В одной из историй, которые я сочинил, молодой король не думал ни о чем, кроме своих великолепных одежд, пока не увидел детей, ткавших для них шелк; он наслаждался видом своих великолепных жемчугов, пока не увидел тех, кто ценой жизни их добывал. Мне тогда открылась некая тайна, но горе – всегда тайна: бумага, на которой я сейчас пишу, кровать, на которой сплю, одежда, которую ношу, – все это создано не мной, сделано из нужды и страданий бедных. Я лежу на этих несчастных. Я пишу ими. Они – моя еда и мое питье. На всем, словно пятна ржавчины, проступает их боль.

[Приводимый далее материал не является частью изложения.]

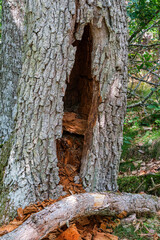 Ausgehöhlter morscher Baum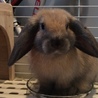里親募集 サムネイル2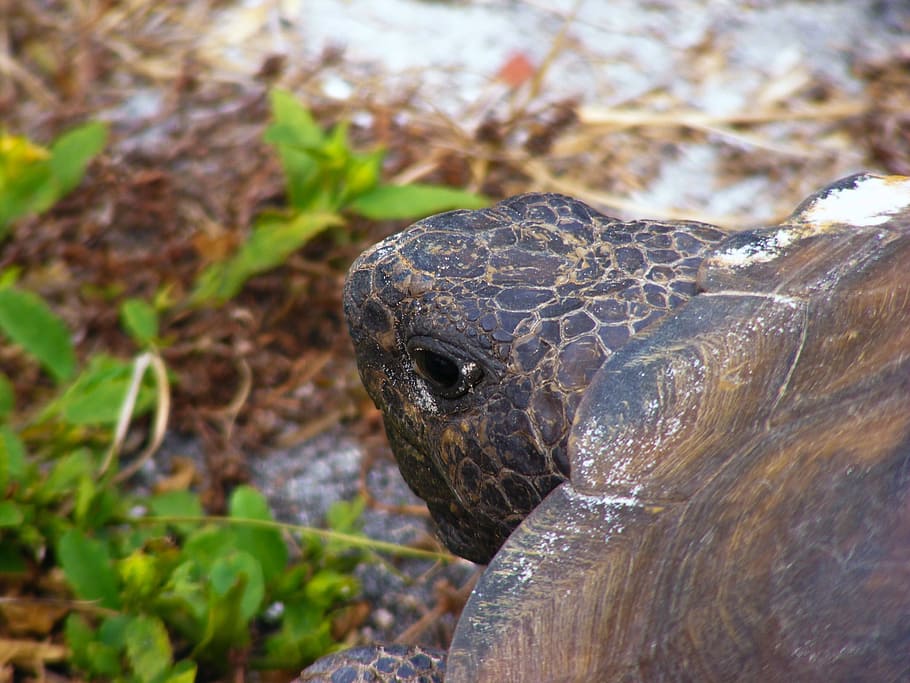 Gopher Tortoise, Gopherus Polyphemus, turtle, slow, land turtle HD wallpaper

Мне даровано право – я понимаю это только теперь – стать таким же, как они, стать воплощением бесчестья, бездомным странником, просящим себе на хлеб. Но нет, моя судьба еще ужаснее. У Йейтса есть рассказ «Распятие отверженца» – это обо мне. Там говорится о человеке, который, неся крест, поет песни и рассказывает удивительные истории; но палачи не только не сжалились над ним, но еще сильнее возненавидели его за то позабытое томление, которое он пробудил в их сердцах. Даже под сенью креста у них не нашлось для него, указавшего им на красоту и тайну мира, ничего, кроме презрения. И под конец даже нищие покинули его, распятого, на растерзание диким зверям. Отверженцы отвергли своего собрата.
Напишу-ка Морису, предостерегу его еще раз.